When is it safe to block in an Akka 2 actor? - akka

I know that it is not recommended to block in the receive method of an actor, but I believe it can be done (as long as it is not done in too many actors at once).
This post suggests blocking in preStart as one way to solve a problem, so presumably blocking in preStart is safe.
However, I tried to block in preRestart (not preStart) and everything seemed to just hang - no more messages were logged as received.
Also, in cases where it is not safe to block, what is a safe alternative?

It's relatively safe to block in receive when:
the number of blocked actors in total is much smaller than the number of total worker threads. By default there are ten worker threads, so 1-2 blocked actors are fine
blocking actor has its own, dedicated dispatcher (thread pool). Other actors are not affected
When it's not safe to block, good alternative is to... not block ;-). If you are working with legacy API that is inherently blocking you can either have a separate thread pool maintained inside some actor (feels wrong) or use approach 2. above - dedicate few threads to a subset of actors that need to block.

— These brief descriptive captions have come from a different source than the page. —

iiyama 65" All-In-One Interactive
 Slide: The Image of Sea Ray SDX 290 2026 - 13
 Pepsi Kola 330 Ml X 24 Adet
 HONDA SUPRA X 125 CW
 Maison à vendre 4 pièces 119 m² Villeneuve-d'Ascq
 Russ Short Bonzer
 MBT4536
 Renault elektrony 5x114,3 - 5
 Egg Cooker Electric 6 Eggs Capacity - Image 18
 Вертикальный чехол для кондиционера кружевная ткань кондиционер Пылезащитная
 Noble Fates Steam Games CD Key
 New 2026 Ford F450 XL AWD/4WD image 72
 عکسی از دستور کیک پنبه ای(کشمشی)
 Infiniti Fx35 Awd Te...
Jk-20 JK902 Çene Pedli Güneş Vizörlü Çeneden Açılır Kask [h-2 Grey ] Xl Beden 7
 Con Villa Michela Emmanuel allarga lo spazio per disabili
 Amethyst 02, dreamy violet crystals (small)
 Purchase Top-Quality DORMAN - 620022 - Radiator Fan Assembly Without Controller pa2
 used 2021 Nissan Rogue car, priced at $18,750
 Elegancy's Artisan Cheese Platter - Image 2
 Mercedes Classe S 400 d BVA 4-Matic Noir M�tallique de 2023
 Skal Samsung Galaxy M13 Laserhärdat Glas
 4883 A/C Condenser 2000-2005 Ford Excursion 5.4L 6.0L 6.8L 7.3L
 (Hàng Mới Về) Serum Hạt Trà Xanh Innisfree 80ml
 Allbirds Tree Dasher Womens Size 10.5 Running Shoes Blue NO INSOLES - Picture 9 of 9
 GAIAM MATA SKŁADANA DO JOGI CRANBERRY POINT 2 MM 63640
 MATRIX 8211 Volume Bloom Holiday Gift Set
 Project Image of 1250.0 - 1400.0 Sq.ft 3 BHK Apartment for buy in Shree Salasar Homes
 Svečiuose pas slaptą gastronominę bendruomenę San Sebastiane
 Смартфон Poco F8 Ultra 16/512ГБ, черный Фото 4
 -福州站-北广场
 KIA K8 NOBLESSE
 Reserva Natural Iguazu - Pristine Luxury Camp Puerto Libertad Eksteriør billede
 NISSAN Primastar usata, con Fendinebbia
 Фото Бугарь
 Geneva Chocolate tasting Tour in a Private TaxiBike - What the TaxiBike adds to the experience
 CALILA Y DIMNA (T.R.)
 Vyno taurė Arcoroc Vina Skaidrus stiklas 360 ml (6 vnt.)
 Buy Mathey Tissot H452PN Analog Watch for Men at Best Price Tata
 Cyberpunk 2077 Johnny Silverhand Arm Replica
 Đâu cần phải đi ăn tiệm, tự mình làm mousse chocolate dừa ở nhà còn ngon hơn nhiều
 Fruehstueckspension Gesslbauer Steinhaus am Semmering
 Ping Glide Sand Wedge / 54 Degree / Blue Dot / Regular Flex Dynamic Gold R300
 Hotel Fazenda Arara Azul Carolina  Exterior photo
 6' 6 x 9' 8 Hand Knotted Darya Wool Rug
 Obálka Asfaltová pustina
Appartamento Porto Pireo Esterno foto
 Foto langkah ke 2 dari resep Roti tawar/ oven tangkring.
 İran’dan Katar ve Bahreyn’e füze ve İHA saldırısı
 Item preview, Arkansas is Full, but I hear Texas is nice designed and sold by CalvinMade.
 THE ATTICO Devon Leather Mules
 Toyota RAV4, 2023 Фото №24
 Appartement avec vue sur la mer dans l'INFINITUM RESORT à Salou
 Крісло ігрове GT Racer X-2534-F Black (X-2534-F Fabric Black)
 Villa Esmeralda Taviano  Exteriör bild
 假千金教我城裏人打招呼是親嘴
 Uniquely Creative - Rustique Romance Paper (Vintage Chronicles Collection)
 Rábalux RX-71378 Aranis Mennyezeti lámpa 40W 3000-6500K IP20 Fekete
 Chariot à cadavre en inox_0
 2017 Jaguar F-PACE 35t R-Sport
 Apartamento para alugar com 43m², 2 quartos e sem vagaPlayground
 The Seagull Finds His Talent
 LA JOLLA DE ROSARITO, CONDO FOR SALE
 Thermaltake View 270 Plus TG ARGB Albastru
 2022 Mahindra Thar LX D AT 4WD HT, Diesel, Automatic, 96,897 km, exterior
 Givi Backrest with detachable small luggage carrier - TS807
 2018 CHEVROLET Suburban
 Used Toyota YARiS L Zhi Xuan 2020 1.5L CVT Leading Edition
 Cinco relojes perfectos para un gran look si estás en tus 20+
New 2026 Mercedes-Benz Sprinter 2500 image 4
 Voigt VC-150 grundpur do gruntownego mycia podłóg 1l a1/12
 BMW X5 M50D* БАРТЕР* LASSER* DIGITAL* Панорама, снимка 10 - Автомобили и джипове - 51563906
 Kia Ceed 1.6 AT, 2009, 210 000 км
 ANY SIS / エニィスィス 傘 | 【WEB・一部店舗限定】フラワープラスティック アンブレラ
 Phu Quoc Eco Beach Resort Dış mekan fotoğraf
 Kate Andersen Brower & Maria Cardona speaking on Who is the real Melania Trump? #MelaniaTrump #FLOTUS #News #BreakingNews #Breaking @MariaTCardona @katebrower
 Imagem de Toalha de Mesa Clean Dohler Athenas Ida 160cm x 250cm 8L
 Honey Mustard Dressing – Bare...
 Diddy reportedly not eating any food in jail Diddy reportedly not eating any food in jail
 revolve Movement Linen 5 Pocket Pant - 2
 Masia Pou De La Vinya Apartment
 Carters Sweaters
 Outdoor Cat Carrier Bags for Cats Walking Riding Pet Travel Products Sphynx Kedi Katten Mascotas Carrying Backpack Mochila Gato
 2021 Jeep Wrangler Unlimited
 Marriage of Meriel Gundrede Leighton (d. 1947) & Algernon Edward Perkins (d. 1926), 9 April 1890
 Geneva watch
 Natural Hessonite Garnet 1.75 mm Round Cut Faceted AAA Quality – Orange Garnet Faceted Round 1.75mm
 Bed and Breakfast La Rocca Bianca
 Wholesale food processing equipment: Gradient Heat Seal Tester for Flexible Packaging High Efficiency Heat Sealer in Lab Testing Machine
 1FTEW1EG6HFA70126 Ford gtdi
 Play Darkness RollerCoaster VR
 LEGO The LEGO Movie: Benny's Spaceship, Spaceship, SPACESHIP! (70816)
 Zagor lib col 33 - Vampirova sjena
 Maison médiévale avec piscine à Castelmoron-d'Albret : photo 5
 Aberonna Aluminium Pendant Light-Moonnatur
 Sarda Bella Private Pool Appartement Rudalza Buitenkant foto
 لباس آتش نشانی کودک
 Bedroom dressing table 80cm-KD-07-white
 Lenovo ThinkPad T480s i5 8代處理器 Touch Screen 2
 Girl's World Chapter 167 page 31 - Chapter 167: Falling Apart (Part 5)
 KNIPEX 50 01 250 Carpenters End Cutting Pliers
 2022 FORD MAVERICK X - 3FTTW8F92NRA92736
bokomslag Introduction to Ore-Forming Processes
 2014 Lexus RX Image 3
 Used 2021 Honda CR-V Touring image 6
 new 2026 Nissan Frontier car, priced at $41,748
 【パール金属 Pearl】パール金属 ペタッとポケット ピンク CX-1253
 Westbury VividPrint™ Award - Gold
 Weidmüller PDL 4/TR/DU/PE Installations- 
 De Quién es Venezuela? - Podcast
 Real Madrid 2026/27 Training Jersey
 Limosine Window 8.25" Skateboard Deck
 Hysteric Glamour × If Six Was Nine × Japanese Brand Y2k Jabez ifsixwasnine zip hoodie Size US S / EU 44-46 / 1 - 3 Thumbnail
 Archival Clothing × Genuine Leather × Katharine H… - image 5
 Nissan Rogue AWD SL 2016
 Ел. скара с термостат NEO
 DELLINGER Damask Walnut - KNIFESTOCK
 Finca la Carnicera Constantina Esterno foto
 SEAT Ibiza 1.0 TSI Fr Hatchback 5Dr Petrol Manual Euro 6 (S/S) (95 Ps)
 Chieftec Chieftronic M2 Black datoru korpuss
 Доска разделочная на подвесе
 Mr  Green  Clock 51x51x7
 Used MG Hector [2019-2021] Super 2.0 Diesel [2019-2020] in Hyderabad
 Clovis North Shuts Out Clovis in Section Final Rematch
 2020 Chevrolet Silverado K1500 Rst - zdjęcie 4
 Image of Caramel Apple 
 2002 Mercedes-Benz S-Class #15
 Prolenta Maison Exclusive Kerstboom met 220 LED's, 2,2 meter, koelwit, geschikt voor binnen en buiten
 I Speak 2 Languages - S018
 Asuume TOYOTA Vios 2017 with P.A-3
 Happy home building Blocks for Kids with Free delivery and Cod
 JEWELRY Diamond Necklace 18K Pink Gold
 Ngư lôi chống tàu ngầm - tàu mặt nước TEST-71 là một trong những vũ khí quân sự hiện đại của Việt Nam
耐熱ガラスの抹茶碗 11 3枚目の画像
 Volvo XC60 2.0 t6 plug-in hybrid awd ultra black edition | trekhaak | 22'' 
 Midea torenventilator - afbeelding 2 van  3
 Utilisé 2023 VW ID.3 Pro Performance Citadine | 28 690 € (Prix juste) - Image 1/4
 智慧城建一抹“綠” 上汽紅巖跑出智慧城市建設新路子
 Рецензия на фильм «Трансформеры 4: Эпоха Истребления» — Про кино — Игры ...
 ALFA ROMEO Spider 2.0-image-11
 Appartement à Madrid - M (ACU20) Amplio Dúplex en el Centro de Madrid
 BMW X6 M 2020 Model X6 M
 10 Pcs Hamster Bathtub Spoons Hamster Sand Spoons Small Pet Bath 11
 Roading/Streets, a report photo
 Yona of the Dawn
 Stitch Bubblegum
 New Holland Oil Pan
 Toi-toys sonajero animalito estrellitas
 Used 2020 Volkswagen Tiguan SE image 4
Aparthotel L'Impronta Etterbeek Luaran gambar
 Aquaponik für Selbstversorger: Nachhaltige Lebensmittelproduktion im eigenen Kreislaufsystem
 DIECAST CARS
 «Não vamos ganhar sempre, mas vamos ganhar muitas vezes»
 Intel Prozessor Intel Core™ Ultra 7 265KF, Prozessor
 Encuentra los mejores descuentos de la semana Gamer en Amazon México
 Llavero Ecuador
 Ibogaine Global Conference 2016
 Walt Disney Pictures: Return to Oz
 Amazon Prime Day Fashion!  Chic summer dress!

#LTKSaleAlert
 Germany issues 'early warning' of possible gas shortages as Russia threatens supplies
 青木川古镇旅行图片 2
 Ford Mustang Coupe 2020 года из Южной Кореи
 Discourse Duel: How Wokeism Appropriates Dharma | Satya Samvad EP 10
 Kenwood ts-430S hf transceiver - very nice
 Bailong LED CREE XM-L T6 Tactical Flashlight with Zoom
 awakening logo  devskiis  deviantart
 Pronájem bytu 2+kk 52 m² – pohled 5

Never ever block an actor.
If your actor is part of an actor hierarchy (and it should be), the actor system is not able to stop it.
The actor's life-cycle (supervision, watchig etc.) is done by messaging.
Stopping a parent actor of a blocking child will not work.
Maybe there are ways to couple the blocking condition with the actor's lifecycle.
But this would lead to overload of complications and bad-style.
So, the best way is to do the blocking part outside of that actor.
E.g. you could run the blocking code via an executor service in a separate thread.

Related

Is it possible to prioritize (give a priority) to specific Akka's Actor?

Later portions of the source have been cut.